PROBLEM STATEMENT:
Each line of the data below between the one containing "Lujosa villa en Cumbre del Sol - 20" and the one containing "Rose, 21 — Escort in Bienfait, Canada", both included, is to be repeated exactly. Please omit pictures.

##### EXERCISE MATERIAL #####

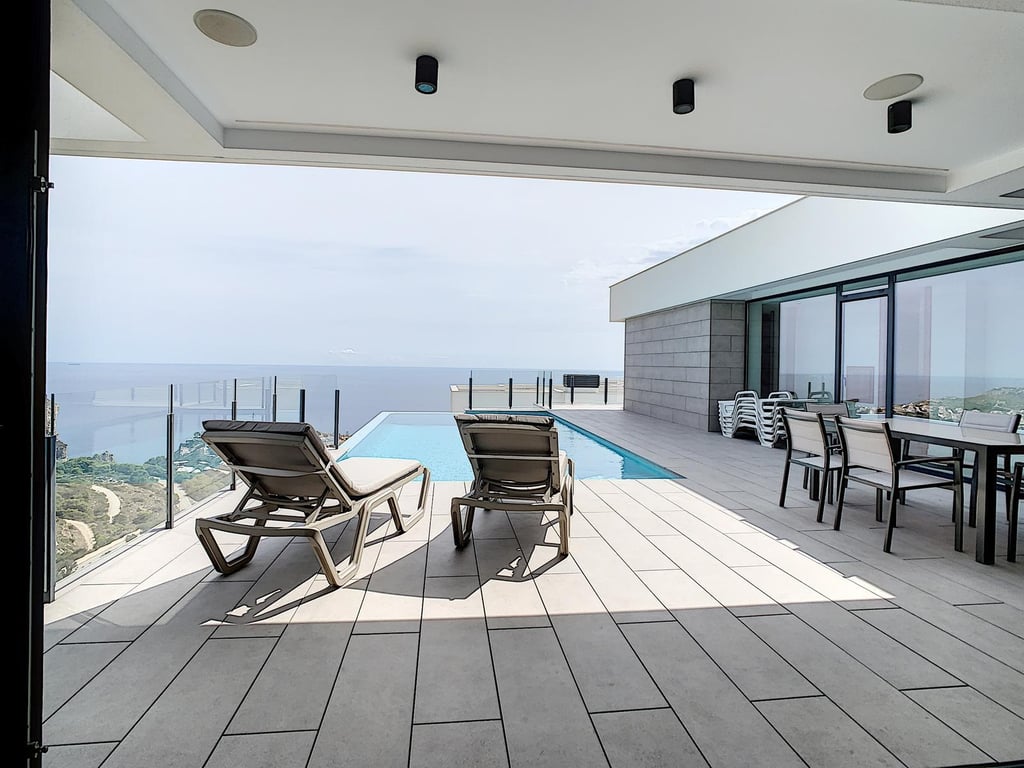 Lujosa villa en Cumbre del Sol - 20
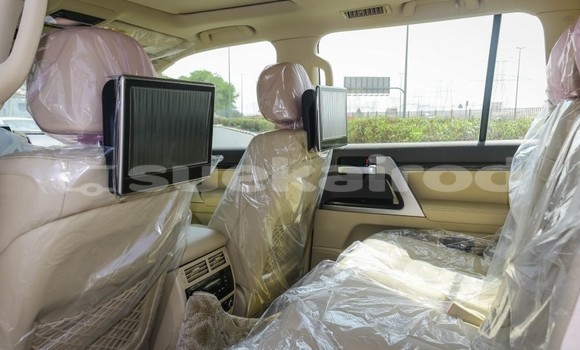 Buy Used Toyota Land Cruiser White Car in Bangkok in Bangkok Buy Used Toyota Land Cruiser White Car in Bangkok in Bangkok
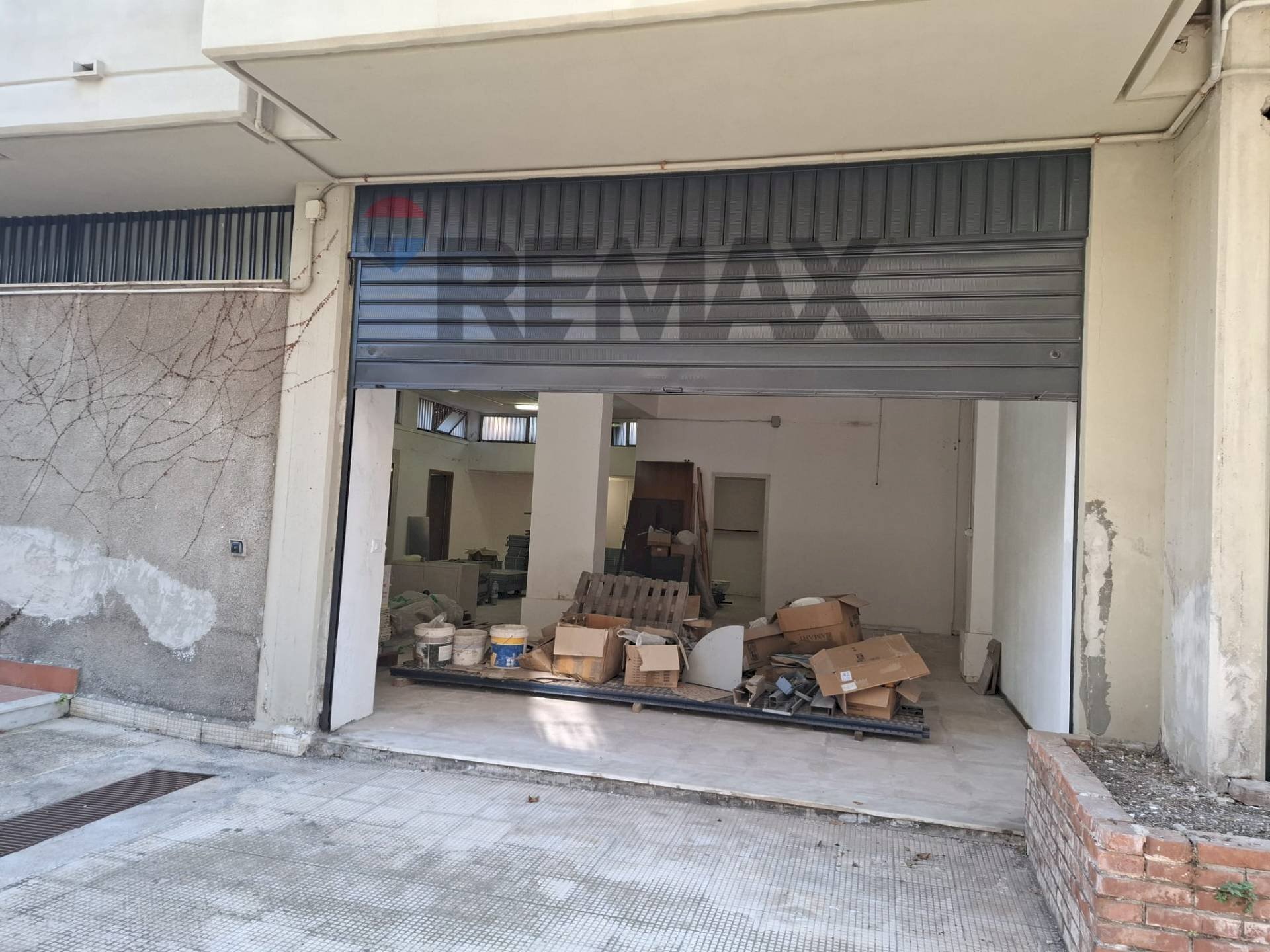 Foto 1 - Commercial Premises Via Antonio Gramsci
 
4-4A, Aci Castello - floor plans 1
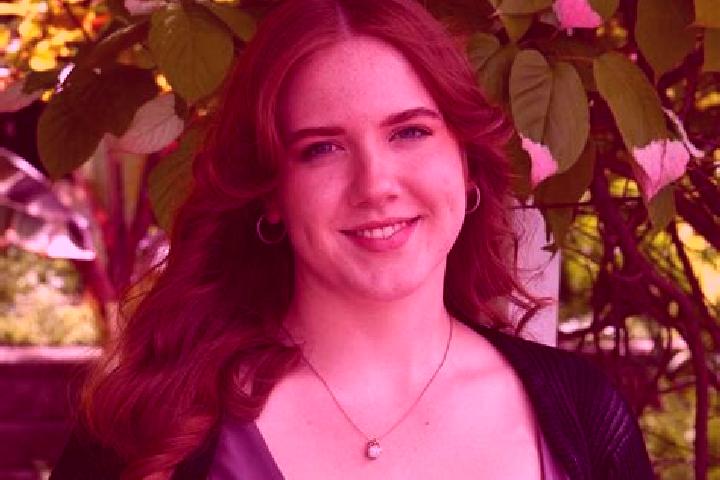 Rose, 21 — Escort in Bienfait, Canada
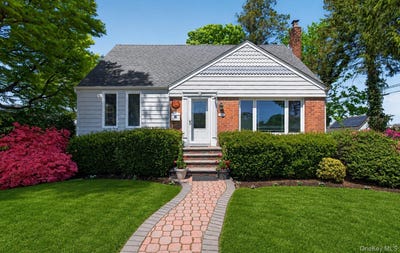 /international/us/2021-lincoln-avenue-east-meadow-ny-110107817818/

#####
##### EXERCISE MATERIAL #####

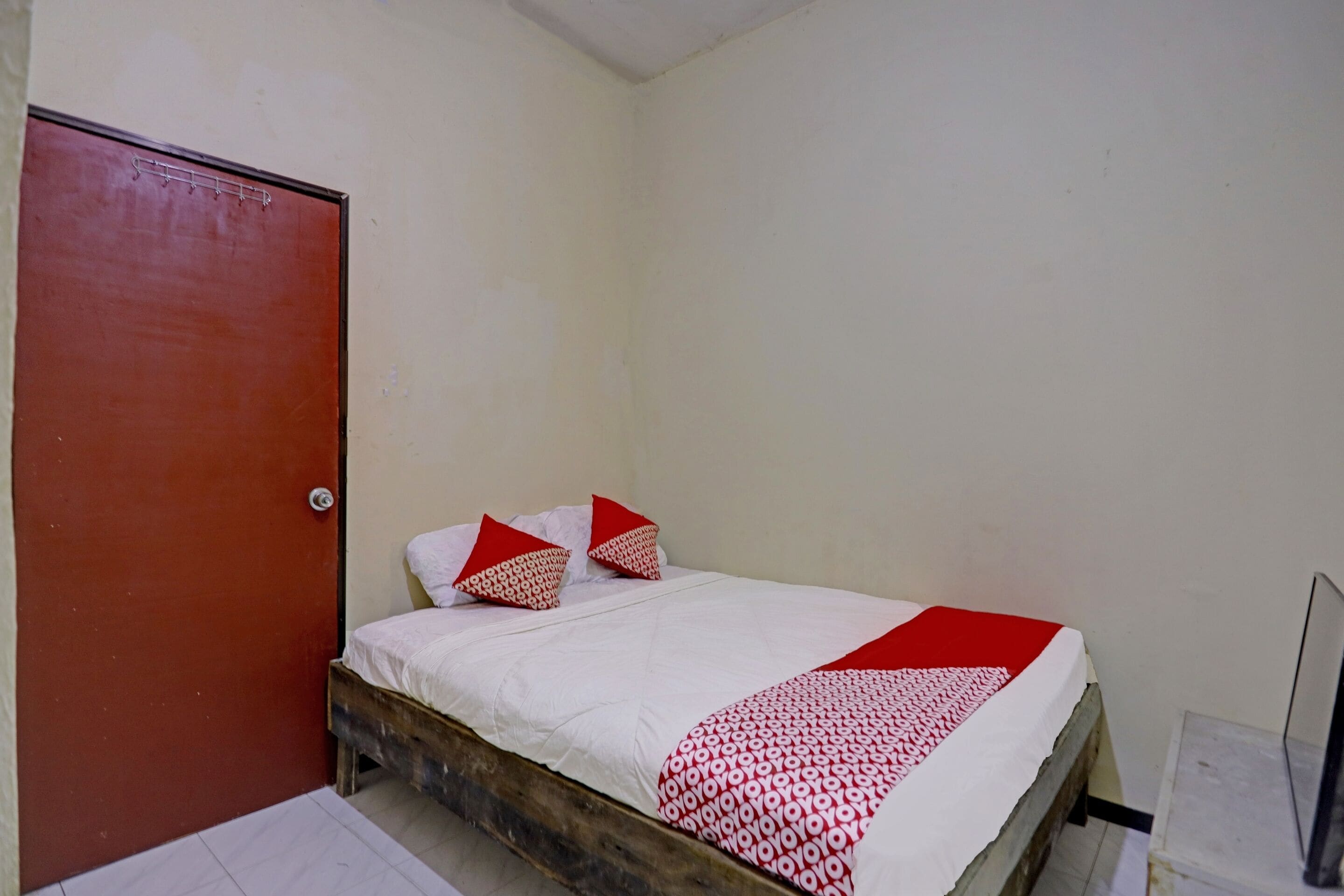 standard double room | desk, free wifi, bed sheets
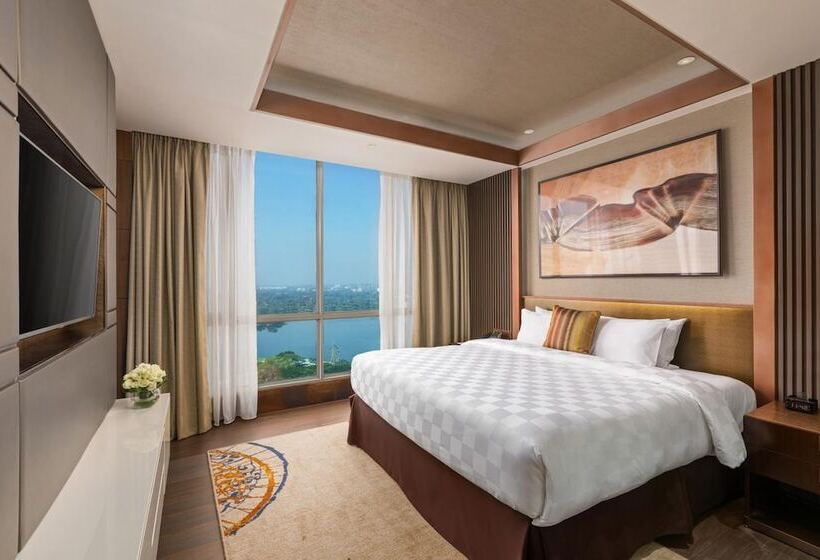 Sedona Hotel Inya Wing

#####

RESULT FOR THIS TASK:
 Lujosa villa en Cumbre del Sol - 20
 Buy Used Toyota Land Cruiser White Car in Bangkok in Bangkok Buy Used Toyota Land Cruiser White Car in Bangkok in Bangkok
 Foto 1 - Commercial Premises Via Antonio Gramsci
 
4-4A, Aci Castello - floor plans 1
 Rose, 21 — Escort in Bienfait, Canada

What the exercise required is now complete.